Working data
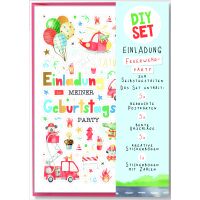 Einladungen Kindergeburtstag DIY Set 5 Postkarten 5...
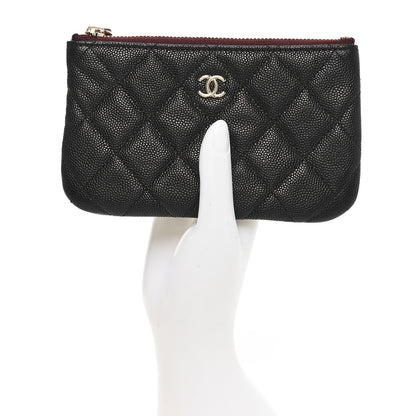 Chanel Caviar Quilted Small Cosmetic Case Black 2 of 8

* * *

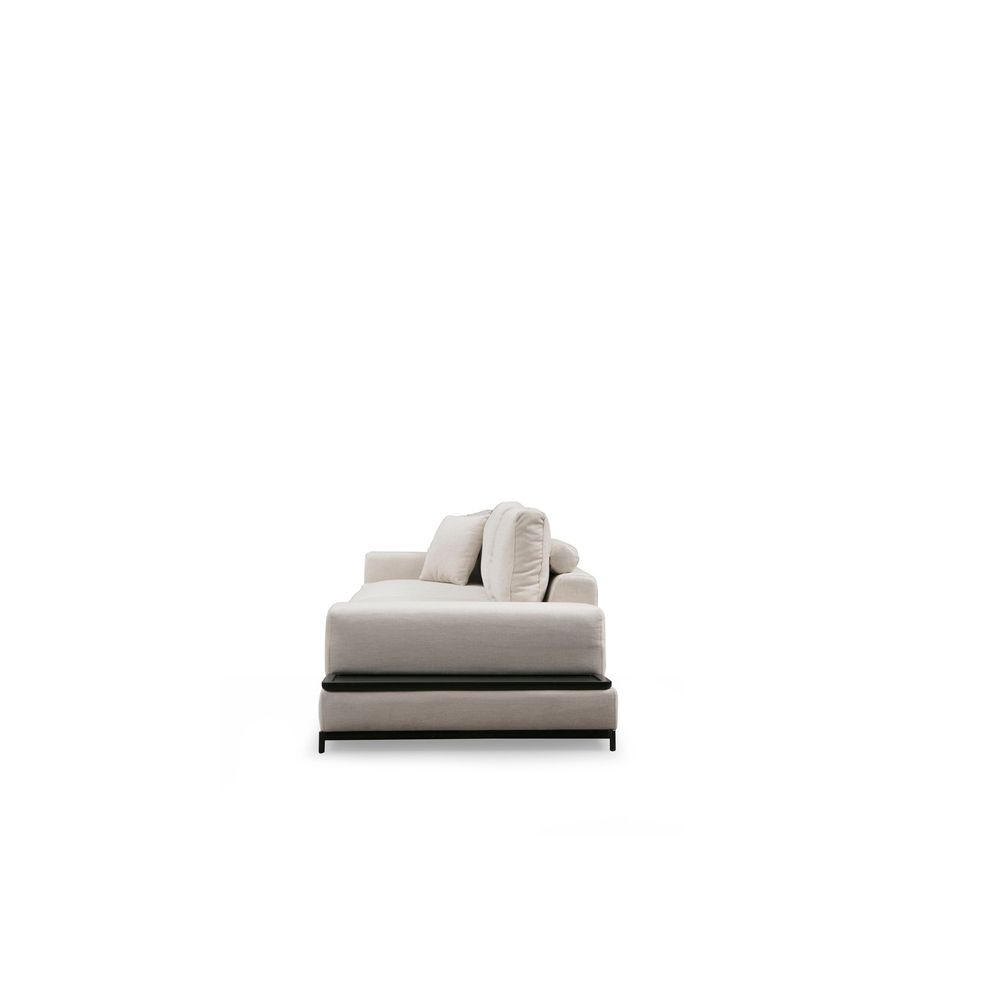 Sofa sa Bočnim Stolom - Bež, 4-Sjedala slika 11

Your goal
Take the entries above and copy exactly the lines starting at the one with "Einladungen Kindergeburtstag DIY" and ending at the one with "Chanel Caviar Quilted"; nothing outside that span, and no pictures.

Solution
 Einladungen Kindergeburtstag DIY Set 5 Postkarten 5...
 Chanel Caviar Quilted Small Cosmetic Case Black 2 of 8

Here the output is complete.